To ask the hon. Member for South Somerset as representing the President of the Board of Agriculture whether he can state if the 16th Company, Royal Engineers, are still on the survey, or whether they are only being drafted into other companies who are on the survey; whether survey companies of the Royal Engineers, when sent for their annual training to the Curragh Camp, receive full working pay whilst doing military duty there; and, if so, whether their' pay and travelling allowances are taken from the survey grant which is voted for direct survey work on the field.

(Answered by Sir Edward Strachey.) The 16th Company, Royal Engineers, is no longer attached to the Ordnance Survey. Its removal leaves a slight excess (about twenty-four) in the establishment of non - commissioned officers and men for the three remaining companies, and these supernumeraries will be absorbed as vacancies occur.

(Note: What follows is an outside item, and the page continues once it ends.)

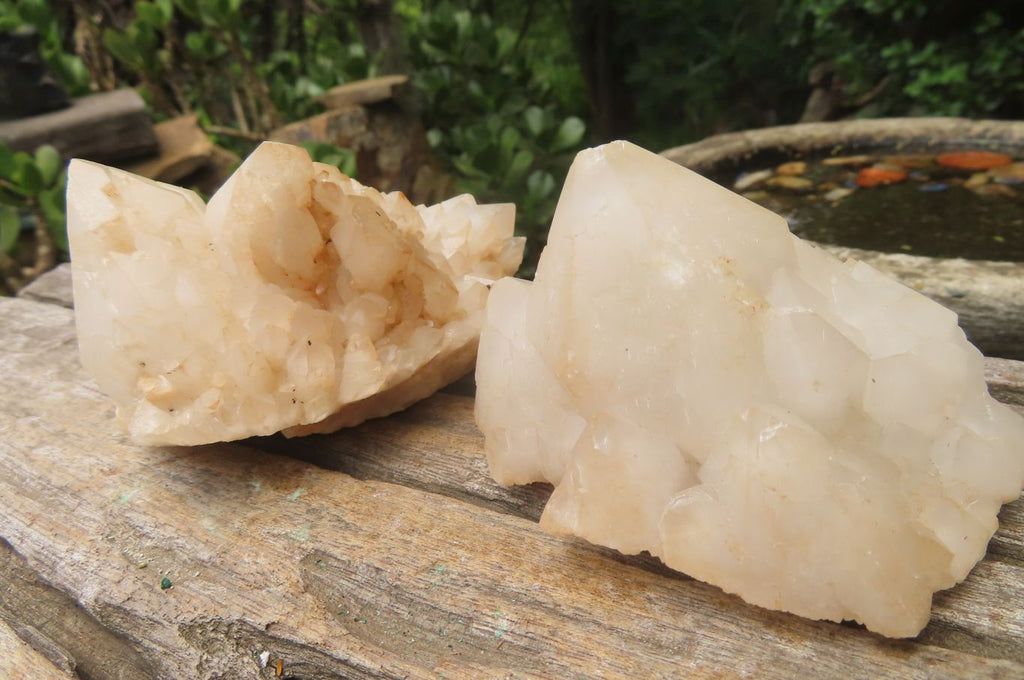 Natural Candle Quartz Clusters x 6 From Madagascar - Toprock Gemstones and Minerals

The Royal Engineers receive full working pay from the Ordnance Survey Vote while doing their annual training. Their travelling expenses are defrayed partly from Army Votes and partly from the Vote for the Ordnance Survey.

MR. FIELD

To ask the hon. Member for South Somerset, as representing the President of the Board of Agriculture whether he is aware that ex-Royal Engineers non-commissioned officers have been made permanent in the Ordnance Survey after being only six months out of the corps and enjoying a military pension, and that instances have occurred where civilians after thirty-three years continuous service have been recommended for discharge without gratuity or pension; and whether he proposes to take any action in the matter.

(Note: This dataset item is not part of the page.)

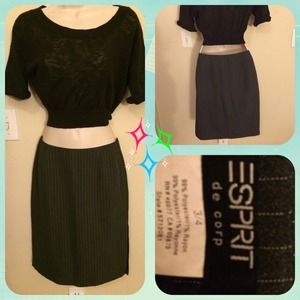 Esprit Pinstripe Pencil Skirt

(Answered by Sir Edward Strachey.) In some few instances ex-Royal Engineers have received permanent appointment, after a few months service as civilians, subsequent to their discharge from the corps with a pension. In almost all cases they continued to fill the same posts as they occupied while serving in the Royal Engineers. No civilians have been discharged after thirty-three years continuous service without gratuity or pension except on the ground of serious misconduct.